I have a few questions I hope you can answer:
- What thickness planks did you use to enclose the frame? Are they tongue and groove?

The vertical barn siding that I put up first was rough-cut pine, full 1x8’s cut by my sawyer (same on the roof).  I originally planned to T&G them onsite, but I just didn’t have the time available to do it.  T&G or ship-lap is really the way to go since the boards will shrink--there are gaps between the boards now that you see on the inside.  However, that's why I added tar-paper on the outside of the siding before the insulation--it makes “a dark curtain” so those gaps are less noticeable (and so you don't see the insulation from the inside).

Quote
- Did you insulate the roof?
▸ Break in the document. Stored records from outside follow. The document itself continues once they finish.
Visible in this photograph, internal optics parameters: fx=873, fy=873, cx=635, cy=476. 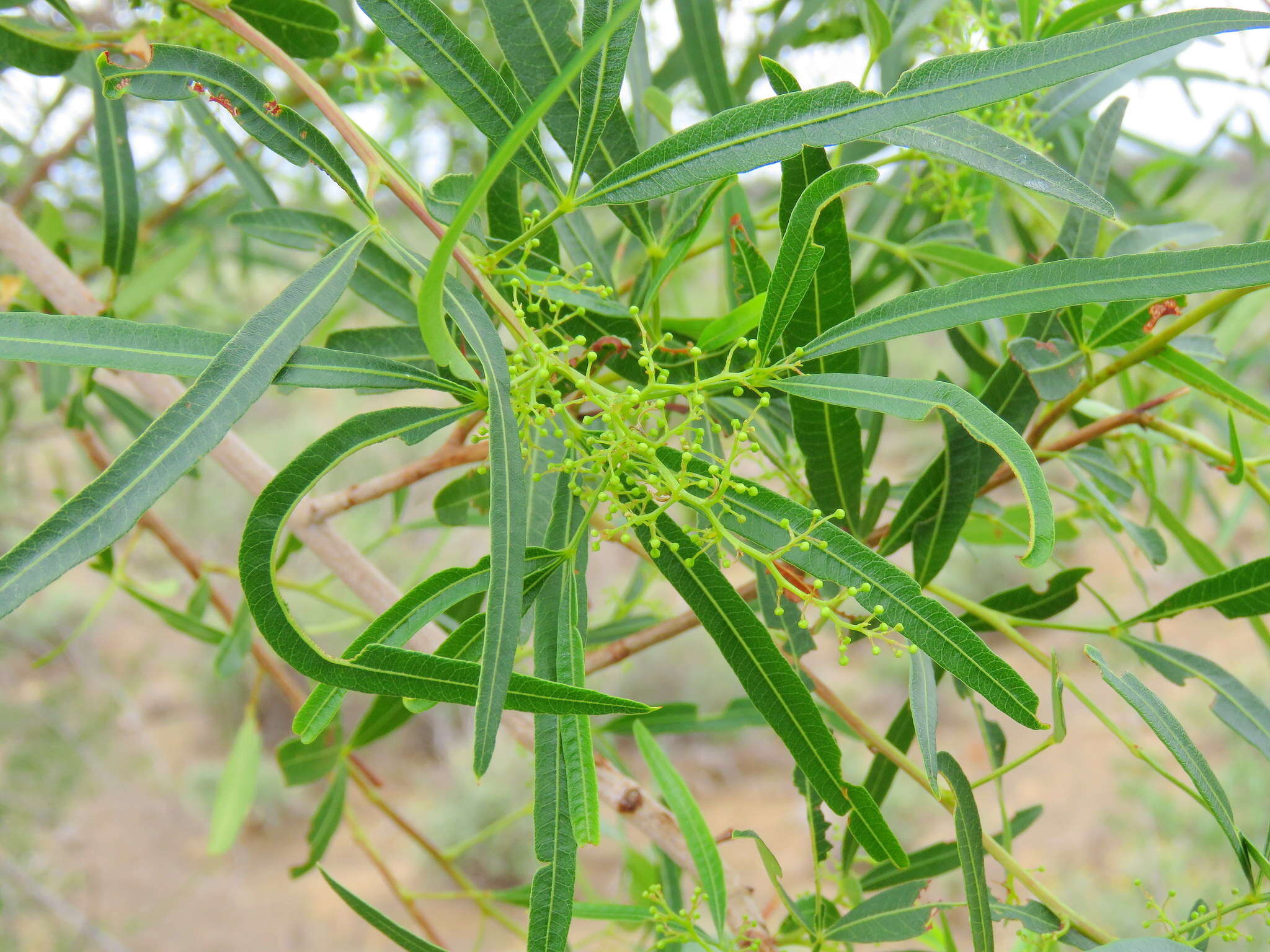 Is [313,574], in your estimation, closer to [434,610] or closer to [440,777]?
[440,777]

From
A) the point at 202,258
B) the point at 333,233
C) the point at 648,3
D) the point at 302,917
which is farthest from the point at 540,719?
the point at 302,917

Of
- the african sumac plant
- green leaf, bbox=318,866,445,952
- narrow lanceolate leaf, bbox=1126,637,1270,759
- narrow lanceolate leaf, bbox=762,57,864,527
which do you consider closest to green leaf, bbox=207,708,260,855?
the african sumac plant

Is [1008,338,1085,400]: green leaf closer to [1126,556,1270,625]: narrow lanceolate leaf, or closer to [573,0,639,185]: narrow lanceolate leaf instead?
[1126,556,1270,625]: narrow lanceolate leaf

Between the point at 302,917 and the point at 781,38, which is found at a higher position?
the point at 781,38

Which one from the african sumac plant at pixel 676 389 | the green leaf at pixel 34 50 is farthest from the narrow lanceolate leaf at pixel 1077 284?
the green leaf at pixel 34 50

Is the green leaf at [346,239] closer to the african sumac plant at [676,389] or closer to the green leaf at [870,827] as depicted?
the african sumac plant at [676,389]

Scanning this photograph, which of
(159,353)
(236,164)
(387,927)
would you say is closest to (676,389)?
(159,353) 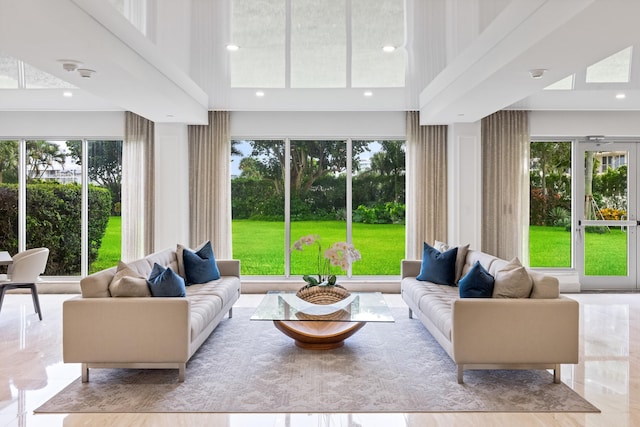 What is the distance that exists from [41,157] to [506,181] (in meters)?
6.86

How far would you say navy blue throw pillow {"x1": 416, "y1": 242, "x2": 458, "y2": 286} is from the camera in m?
5.31

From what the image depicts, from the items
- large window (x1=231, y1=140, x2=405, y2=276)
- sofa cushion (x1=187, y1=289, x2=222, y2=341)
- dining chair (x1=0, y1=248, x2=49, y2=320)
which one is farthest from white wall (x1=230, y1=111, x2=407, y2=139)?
sofa cushion (x1=187, y1=289, x2=222, y2=341)

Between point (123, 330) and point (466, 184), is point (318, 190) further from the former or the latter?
point (123, 330)

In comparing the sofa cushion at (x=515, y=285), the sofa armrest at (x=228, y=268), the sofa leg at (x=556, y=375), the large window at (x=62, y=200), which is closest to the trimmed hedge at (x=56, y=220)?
the large window at (x=62, y=200)

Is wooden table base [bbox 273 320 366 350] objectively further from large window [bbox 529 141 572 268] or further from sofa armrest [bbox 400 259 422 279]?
large window [bbox 529 141 572 268]

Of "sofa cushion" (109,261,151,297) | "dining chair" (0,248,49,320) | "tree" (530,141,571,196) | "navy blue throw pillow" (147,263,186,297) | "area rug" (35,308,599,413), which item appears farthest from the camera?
"tree" (530,141,571,196)

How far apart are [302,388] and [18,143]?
6175 millimetres

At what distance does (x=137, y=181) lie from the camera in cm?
700

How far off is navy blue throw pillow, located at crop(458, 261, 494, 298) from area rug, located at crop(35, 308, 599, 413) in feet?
2.03

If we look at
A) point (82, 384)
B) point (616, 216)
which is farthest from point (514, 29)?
point (616, 216)

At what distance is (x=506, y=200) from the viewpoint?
6984mm

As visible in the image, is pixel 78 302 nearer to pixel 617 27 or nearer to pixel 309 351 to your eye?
pixel 309 351

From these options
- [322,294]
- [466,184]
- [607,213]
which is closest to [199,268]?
[322,294]

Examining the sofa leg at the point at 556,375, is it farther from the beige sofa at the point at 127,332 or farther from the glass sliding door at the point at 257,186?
the glass sliding door at the point at 257,186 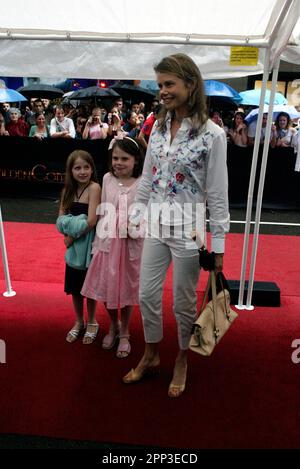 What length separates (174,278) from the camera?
233 cm

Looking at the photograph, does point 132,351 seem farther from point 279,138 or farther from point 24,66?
point 279,138

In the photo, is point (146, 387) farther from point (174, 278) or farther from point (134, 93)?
point (134, 93)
If so, how?

I insulated the roof with 4 inches of polyiso (2x layers staggered with taped seams).  Of course, more would have been better, but this is intended as a future workshop--not a house.  Here's my YouTube slideshow which illustrates the the roof details:



(If you actually view on the YouTube site, you can read the text details in the description)

Quote
- Would you recommend a stone foundation over cement piers (in terms of costs and time)?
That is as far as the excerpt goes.